Friday, August 31, 2012

anti-cyberwar merchandise

Make Video Games Not Cyberwar Products

this is another of the secmeme designs that was lost to cafepress' inane restrictions. i imagine it's because it looks like the video game called pong. yes, it looks like pong, but i played pong on one of those really old dedicated single-game consoles with the twisty controllers and this doesn't look THAT much like pong.

anyways, this is meant as a message for the people making all those so-called cyber weapons. i think you're going to touch people in a more positive and rewarding way if you follow the advice on this shirt.

phish merch

Phish Products

his was the thing that made me open a zazzle store. i spent hours making the image i previously posted from scratch and then got told that it wasn't allowed because it was an altered cheers logo. i really wanted to see this picture on a coaster so i found a way. i also put it on some mobile device cases and t-shirts (may take a while to show up) and i'm kind of surprised how it looks on a dark background.

Thursday, August 30, 2012

SQLi Name Tag revamped

do you remember when i made that SQL injection name tag merchandise and put it in the secmeme store? yeah, no, neither do i because i apparently forgot to post it here. it's just as well because the original version had a hardcoded name that only would have been useful to people named robert (it was a riff on one of randal munroe's most famous XKCD comics).

at any rate, in the process of playing around with the store, adding graphics, etc. i decided the SQLi Name Tag item needed to be revamped so that it might actually be useful to people who aren't named robert so here's the new design.
now you might be thinking that this is going to be useful to even fewer people than  the one i previously described, but in fact cafepress has a rather neat feature whereby you can set text objects as variables in designs that you create with their in-browser designer so when you're selecting an item to buy from this category you can change the person name as well as the name of the table that's getting dropped. so for example, one i might wear when i'm going up to a booth at a conference might look something like this

now, unfortunately the in-browser designer can only make square designs and those don't work so well on actual name tag stickers (which aren't square). that may be just as well since stickers are often sold in groups of 10 or 50 at cafepress, and you may very well not want them all to say exactly the same thing. so for this particular case i made a variation on the design meant to be written on when you use it.
the writable design is only available for stickers, while the cafepress personalizable design is available in a variety of shirts and some buttons.

site update

i hope you don't mind me taking this opportunity to draw attention to some of the changes that have been made to the site in the last little while. it's not a frequent occurrence so please bear with me.

Social Networking
there is now a facebook page for this site, and a google plus page as well.

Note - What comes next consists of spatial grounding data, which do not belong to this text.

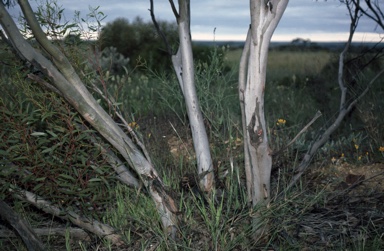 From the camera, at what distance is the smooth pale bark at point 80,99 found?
3.27m

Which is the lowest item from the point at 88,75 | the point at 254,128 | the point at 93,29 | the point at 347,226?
the point at 347,226

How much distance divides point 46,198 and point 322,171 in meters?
2.48

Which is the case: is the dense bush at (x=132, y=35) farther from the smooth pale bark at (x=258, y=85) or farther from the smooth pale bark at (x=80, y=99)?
the smooth pale bark at (x=258, y=85)

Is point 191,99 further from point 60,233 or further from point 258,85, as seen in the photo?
point 60,233

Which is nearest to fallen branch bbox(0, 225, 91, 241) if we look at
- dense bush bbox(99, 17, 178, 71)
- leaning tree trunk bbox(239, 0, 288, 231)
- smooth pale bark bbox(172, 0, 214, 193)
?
smooth pale bark bbox(172, 0, 214, 193)

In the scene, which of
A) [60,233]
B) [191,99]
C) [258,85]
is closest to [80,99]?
[191,99]

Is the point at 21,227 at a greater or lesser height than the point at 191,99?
lesser

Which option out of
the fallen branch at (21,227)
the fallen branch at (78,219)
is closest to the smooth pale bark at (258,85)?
the fallen branch at (78,219)

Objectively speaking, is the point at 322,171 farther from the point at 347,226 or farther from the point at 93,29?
the point at 93,29

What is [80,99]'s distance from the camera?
11.0 feet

at first i was just sharing links to this site and letting the respective social network grab whatever little thumbnail was appropriate for the post in question. however, i never really liked the idea of forcing people to actually come to this site in order to view the content when it came to the RSS feed (which is why i try to make sure the content is directly viewable in things like google reader), so i made the decision instead to share the pictures (or videos when i get around to making more) directly and simply link back. that way you can enjoy the content where ever you happen to be seeing it instead of having to open a new page. animated gifs seem to be a special case (because facebook doesn't seem to like them) but for static images or youtube videos that's the process i'll be trying to follow going forward.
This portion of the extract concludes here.